After over two decades of living, I found myself for the first time travelling to the capital under very interesting circumstances.
When my boss had first asked if I wanted to go on a business trip, I thought to myself, duh who wouldn’t?! But it was only after the excitement had subsided some worth that I began to wonder what living like up north in the Federal Capital City was really like.
You see, growing up, whenever I thought of the capital, my mind conjured up dusty streets, very tall mountains, dry air; but also, clean and well maintained roads unlike the ones I was accustomed to in Lagos, streets void of hawkers, order and civility. I never really had pre assumed characteristics of the people, except that there would most likely be more Hausa’s than in Lagos where I grew up.
Also, growing up, we heard lots of tales about the northerners, and not all of which was stereotypically positive I must say. So I was indeed excited to finally travel to this region of the country and experience things for myself.
Ever since I could remember I have been travelling, I even have baby pictures from trips to foreign countries to prove it, so wanderlust wasn’t new to me. However, what was it about FCT that excited me?
Well, after my WAEC in 2006, I had taken a trip to the east where I visited relatives in Warri, Port Harcourt, Calabar and Benin City. It was a very insightful and enjoyable trip. I had been able to see other parts of the country, leaving Lagos which I had only known, to other towns where I was able to enjoy the sights and customs of other Nigerians.

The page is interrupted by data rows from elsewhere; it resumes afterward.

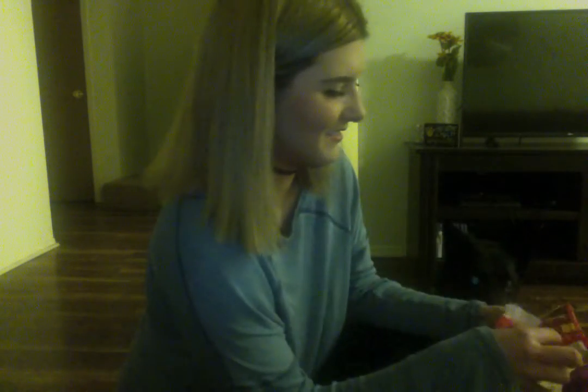Sit. Lay down. Good boy. I didn't actually have a treat that time, so I'm going to give him one. Give him a full hot dog — he's spoiled.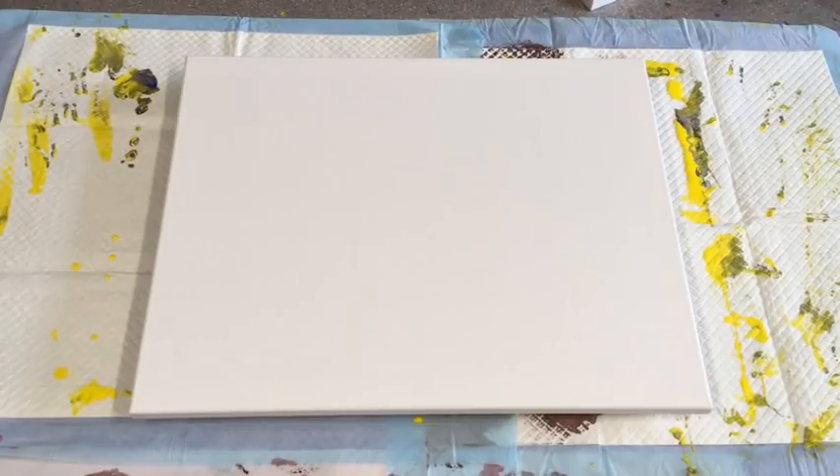I am just basically doing a pour for you, just using up some end-of-cup paints that I have left, seeing what I come up with and just going along the way.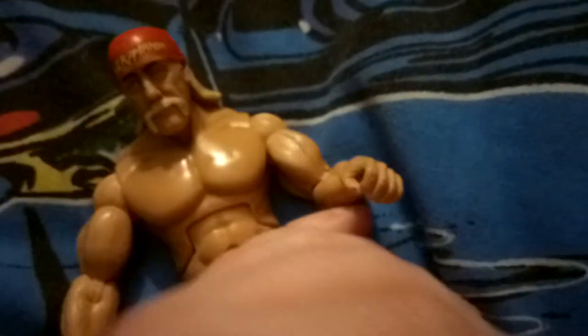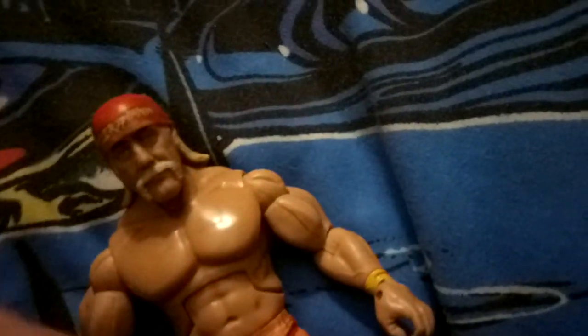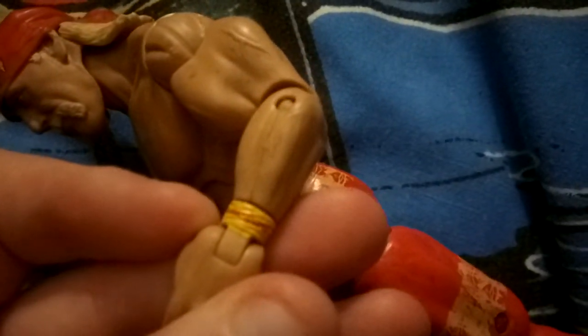As you can see on his foot it says TNA. Here, let the camera focus — there we go — a 2010 TNA entertainment, so that's when the figure came out, which was 12 years ago. He also has a tattoo and a little strap here that says Hulkamania.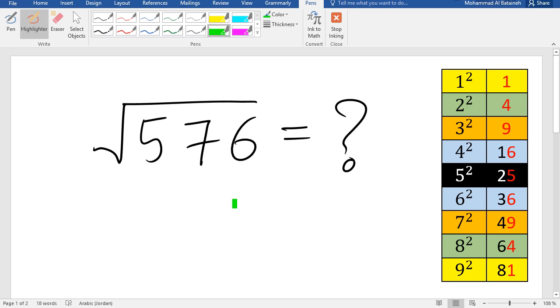Hello everybody! I'm going to teach you today how to solve for the square root of a perfect square in less than three seconds, and we're going to start right now.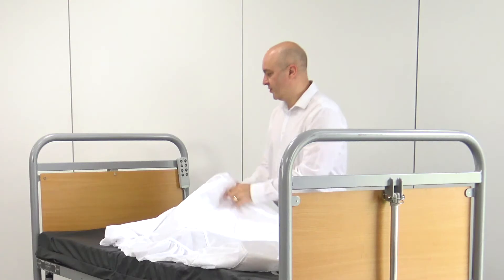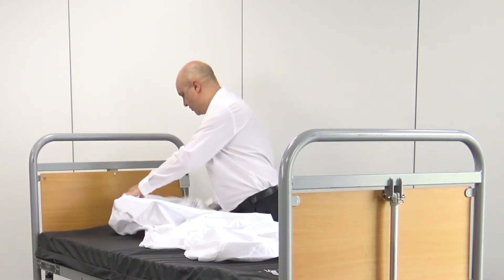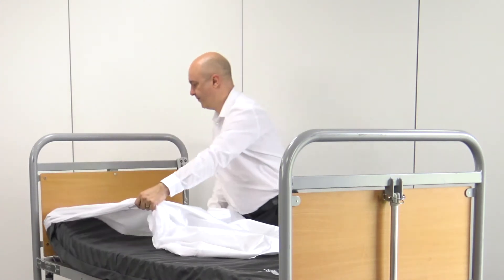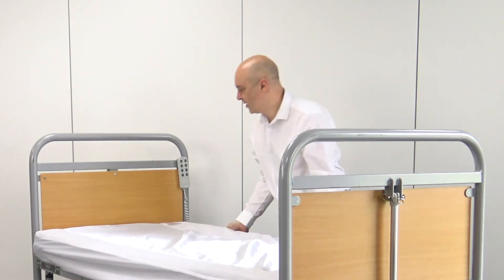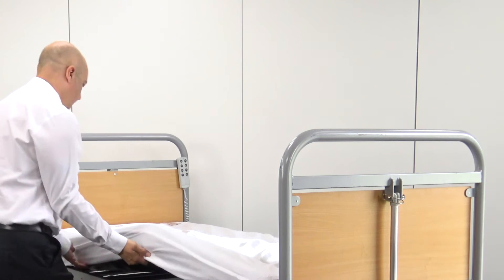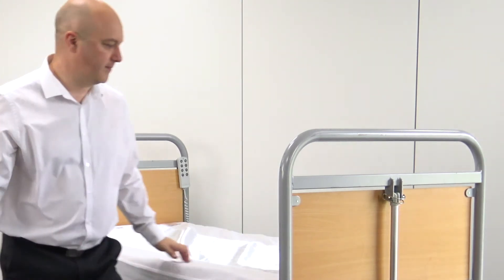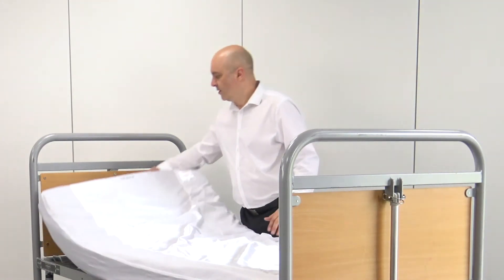I'll fit the bed sheet on the base by just hooking it around the corners like so. The elastic will hold all that in place. There is a label on the top of the bed that says 'this side up', so that goes to the head end, not the foot end.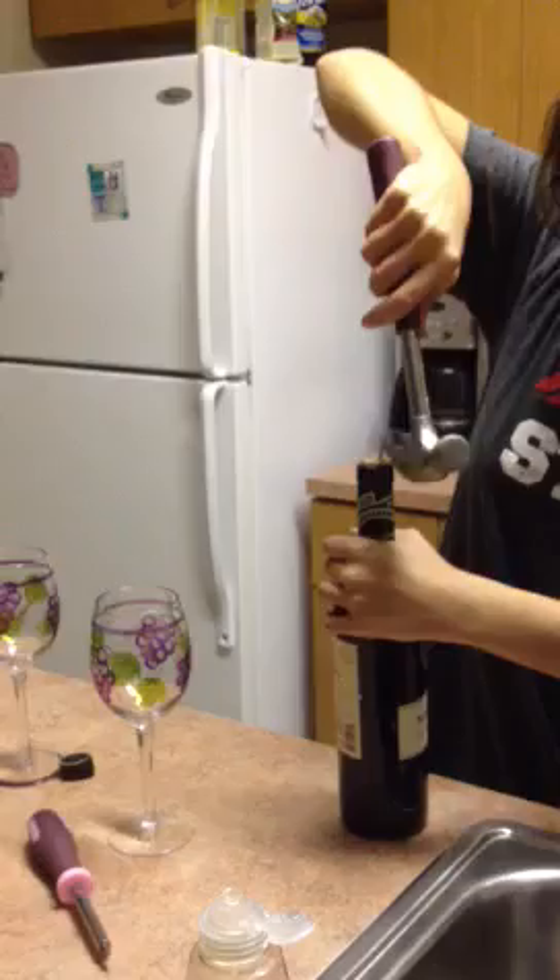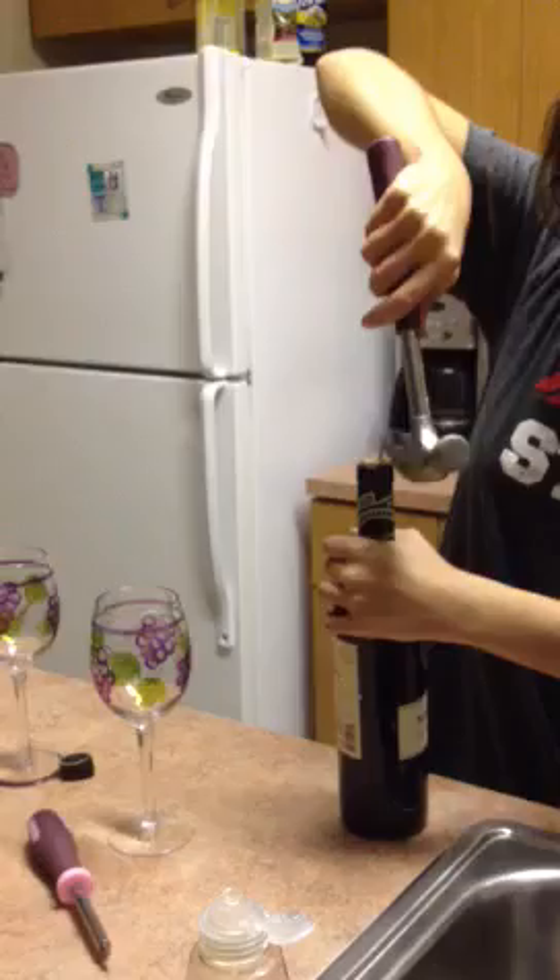We're going to take the back of the hammer and pull it out with lots of might. Look at that — see it coming out. She pulls with all her force. Maybe put it between your legs and try to prop it out of there like that, wiggle it a little bit. There we go, good stability.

Also, I had spent a few years in boarding school in the West, so that was the South, East and West quite covered. So you can see why I was especially curious about my journey to the north, as it was a region I had never been to.
The day I was to travel finally arrived, and in my usual fashion, I had a restless night’s sleep. There’s something about an excitable journey that leaves me restless at night. I kept going over tiny details, making sure I didn’t forget to pack anything. I was super excited, but also nervous. The fact that I had had a weird dream the night before didn’t make matters any better. But either way, I got on the plane and braced myself for the experience!
When the plane landed, I bided farewell to a friend I had made on the plane who was still travelling on to Port Harcourt. Then I followed the other passengers and we marched on to the immigration check point. After the usual protocols, I was finally left to my own devices. So I went to get my luggage and to my horror, one of my suitcases had been opened. I mean, I had padlocked both of them, but one was clearly missing its padlock.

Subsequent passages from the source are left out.